Animals only require a tiny amount of iron. Yet, they cannot live without it, and red-blooded animals rely on it to form the hemoglobin they use to transport oxygen in their blood. It needs to be obtained from food, but it is difficult to absorb. As a result, humans can develop anemia even though our food grows in relatively iron-rich soils.

By comparison, the ocean - away from the coasts - is almost entirely devoid of iron. Much of the seawater at the ocean surface contains so little dissolved iron that its concentration could not be accurately measured until the 1980s. Although it is known that the vanishingly-small amounts of iron can cause photosynthetic algae to grow slowly, until now scientists had not considered iron availability as an important factor in the ecology of marine animals.

"The big clue came from looking at satellite observations of where fishing occurs," explains Galbraith. Together with co-author David Kroodsma of Global Fishing Watch, based in San Francisco, the team analyzed years of global data on where fishing boats actually catch fish when they venture out into the high sea. "We saw that there is essentially no fishing happening within the three most strongly iron-limited regions of the world - the Southern Ocean, the Eastern Equatorial Pacific and the Subarctic Pacific."

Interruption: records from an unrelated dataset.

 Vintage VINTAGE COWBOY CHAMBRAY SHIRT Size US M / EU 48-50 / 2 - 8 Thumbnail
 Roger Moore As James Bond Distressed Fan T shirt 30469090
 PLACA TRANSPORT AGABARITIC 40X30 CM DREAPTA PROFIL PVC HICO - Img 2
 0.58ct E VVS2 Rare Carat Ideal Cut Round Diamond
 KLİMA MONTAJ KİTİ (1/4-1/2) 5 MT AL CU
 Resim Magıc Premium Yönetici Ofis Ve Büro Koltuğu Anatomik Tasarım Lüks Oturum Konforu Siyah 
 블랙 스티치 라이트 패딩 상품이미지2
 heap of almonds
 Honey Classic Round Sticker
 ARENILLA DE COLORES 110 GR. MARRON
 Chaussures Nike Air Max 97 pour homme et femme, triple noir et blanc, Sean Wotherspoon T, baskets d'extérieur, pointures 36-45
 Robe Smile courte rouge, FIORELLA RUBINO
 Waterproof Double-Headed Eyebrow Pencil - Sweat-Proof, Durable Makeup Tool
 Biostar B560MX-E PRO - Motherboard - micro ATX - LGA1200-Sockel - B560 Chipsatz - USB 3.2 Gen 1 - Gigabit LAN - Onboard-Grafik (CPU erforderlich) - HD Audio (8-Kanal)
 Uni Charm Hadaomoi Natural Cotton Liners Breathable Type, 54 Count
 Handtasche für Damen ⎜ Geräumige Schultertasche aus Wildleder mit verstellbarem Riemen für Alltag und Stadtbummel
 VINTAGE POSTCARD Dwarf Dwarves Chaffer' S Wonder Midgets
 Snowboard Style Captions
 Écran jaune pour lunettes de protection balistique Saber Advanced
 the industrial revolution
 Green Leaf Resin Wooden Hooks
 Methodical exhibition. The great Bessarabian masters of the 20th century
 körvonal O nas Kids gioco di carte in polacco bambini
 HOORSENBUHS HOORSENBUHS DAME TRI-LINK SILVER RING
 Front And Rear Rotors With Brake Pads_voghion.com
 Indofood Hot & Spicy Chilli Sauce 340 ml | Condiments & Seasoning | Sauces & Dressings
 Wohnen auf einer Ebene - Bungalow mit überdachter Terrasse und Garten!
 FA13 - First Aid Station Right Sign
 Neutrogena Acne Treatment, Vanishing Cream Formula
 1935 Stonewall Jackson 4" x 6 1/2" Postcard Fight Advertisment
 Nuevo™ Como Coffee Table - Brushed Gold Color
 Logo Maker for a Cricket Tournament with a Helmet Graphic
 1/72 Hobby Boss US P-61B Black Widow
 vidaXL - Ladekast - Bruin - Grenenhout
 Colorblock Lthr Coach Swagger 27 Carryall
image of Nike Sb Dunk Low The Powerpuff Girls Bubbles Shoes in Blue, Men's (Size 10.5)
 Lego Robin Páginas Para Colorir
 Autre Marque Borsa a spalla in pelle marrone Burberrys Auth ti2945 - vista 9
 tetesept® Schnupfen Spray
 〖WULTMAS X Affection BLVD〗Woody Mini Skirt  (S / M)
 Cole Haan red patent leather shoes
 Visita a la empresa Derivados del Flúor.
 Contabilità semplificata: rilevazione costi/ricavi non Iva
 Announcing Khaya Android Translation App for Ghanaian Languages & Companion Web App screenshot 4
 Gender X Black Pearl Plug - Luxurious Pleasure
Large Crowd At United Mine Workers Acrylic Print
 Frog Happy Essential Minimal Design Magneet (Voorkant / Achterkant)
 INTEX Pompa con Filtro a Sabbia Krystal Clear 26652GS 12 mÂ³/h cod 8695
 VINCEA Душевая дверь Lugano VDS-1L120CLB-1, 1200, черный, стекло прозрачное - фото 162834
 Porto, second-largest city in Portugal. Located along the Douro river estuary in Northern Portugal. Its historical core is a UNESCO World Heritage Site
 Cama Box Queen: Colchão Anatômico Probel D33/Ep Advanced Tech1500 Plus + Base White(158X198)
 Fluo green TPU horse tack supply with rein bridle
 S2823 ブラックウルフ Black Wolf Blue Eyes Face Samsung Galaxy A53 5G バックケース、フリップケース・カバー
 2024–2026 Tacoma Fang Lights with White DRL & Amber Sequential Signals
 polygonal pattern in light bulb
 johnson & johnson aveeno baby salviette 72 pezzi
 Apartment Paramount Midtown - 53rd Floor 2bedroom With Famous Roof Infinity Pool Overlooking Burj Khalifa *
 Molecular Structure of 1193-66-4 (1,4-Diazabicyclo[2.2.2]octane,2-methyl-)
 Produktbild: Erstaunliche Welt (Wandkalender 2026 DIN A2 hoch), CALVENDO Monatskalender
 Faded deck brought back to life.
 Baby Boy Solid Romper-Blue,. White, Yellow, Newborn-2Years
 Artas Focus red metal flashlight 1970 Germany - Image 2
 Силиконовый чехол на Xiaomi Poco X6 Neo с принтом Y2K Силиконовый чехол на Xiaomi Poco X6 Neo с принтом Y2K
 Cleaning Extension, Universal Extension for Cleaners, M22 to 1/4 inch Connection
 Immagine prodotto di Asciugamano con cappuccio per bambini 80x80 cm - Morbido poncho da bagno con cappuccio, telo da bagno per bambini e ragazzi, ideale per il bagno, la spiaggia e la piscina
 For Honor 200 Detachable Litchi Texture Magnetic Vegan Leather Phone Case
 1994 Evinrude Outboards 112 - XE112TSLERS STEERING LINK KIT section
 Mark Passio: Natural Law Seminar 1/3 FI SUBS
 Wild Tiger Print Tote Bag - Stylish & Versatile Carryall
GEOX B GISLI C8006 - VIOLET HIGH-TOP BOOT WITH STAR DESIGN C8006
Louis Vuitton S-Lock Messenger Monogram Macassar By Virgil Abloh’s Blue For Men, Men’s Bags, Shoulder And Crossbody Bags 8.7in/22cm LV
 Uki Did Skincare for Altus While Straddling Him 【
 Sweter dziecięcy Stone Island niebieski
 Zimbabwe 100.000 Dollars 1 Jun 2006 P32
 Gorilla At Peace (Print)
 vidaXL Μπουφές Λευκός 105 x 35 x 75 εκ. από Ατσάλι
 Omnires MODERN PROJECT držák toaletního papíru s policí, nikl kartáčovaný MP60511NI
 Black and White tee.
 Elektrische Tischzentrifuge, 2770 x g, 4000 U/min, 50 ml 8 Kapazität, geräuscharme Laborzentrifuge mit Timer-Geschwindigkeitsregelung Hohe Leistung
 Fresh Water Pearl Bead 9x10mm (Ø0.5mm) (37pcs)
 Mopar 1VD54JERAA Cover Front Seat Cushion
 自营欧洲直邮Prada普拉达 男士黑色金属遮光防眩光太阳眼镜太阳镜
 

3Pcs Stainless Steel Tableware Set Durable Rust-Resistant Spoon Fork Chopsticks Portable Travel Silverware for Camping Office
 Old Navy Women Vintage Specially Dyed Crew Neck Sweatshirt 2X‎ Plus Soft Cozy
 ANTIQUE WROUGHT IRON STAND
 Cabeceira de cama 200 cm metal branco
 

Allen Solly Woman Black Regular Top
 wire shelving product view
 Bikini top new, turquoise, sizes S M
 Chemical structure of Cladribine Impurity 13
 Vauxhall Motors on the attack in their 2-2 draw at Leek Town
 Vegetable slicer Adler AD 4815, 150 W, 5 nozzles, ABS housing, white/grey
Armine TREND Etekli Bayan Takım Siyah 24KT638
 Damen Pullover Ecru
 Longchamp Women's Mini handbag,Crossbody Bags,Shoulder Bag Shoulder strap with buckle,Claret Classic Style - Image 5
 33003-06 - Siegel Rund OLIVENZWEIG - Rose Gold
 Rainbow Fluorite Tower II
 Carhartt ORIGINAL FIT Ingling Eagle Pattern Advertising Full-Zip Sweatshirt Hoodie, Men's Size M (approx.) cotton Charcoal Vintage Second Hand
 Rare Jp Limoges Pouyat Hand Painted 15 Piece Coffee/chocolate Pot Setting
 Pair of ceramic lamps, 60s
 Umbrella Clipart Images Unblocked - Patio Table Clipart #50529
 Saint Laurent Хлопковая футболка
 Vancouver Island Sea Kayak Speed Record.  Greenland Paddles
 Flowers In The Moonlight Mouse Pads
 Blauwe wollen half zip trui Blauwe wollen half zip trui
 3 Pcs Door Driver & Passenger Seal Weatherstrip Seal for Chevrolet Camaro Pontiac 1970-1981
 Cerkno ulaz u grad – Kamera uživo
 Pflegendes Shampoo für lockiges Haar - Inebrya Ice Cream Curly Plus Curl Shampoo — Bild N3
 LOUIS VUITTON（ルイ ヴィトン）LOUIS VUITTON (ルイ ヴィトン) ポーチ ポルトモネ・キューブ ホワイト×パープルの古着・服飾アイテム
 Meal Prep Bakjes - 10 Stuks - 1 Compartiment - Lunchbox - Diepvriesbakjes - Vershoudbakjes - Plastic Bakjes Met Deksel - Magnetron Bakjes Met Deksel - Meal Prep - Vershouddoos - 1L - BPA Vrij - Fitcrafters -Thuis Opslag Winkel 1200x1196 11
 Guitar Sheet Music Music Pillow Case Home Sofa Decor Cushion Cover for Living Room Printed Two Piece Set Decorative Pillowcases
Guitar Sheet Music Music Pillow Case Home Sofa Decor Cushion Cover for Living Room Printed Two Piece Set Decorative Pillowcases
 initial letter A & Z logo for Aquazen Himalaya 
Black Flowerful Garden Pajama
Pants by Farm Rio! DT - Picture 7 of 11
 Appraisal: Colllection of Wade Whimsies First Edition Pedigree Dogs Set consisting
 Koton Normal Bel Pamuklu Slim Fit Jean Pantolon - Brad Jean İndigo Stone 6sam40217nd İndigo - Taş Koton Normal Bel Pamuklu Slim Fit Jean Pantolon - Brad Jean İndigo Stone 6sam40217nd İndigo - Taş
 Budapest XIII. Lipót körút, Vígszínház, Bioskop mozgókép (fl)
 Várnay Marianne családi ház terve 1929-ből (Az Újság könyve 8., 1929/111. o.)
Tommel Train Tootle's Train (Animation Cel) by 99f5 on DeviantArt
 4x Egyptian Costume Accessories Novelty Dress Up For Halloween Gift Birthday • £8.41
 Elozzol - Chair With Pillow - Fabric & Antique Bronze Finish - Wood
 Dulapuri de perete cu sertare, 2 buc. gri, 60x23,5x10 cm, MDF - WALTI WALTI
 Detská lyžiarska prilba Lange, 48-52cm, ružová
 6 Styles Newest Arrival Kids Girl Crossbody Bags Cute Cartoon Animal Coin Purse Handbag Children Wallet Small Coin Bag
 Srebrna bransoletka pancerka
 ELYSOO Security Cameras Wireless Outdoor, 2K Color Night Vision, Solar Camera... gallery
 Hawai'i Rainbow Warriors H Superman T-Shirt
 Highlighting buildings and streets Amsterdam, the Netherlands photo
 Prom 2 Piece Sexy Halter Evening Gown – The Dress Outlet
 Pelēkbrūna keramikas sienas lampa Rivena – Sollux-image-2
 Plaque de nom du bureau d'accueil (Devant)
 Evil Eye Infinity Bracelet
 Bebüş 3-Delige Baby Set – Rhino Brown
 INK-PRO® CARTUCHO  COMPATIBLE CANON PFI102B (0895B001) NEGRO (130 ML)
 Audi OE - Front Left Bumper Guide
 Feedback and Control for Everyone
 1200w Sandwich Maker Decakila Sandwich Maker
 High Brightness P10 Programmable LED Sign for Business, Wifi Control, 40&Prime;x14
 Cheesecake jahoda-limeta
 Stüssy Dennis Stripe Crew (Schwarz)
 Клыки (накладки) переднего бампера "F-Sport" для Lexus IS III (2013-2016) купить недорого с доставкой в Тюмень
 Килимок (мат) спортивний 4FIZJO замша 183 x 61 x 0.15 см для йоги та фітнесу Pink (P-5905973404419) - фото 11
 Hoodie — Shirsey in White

"Based on that clue, I set out to see if there was evidence that fish could possibly be anemic," says Le Mézo. As she discovered, there is plenty. When producing fish for food in marine aquaculture, it is common to supplement their feed with iron in order to make sure they grow quickly and are capable of reproducing. "And when we compared the amount of iron required by most fish to the amount they should be able to obtain from iron-poor food in the sea, it was obviously not enough."

"The clincher was when we learned about the Antarctic icefish," says Le Mezo. The white-blooded Antarctic icefish is the only vertebrate animal to ever have lost the use of hemoglobin over the course of evolution. "Many have proposed reasons for why the icefish may have developed its white blood, but no one ever proposed that it could be due to low iron availability." As pointed out in the paper, the icefish is only found in the Southern Ocean, the largest iron-poor domain of the ocean, and the lack of hemoglobin greatly reduces the iron requirements of the icefish compared to other fish.

These results suggest a previously-overlooked role of iron in determining which marine animals live where. They also suggest that more iron-rich environments may be unexpectedly important in producing the fish we catch, and may play key roles in fish life cycles, including the fact that salmon spawn in streams. "Our paper ends up asking many more questions than it can answer," says Galbraith. "But if the role of iron turns out to be as important as we think it is, we'll need to change the way we think about animal life in the high seas".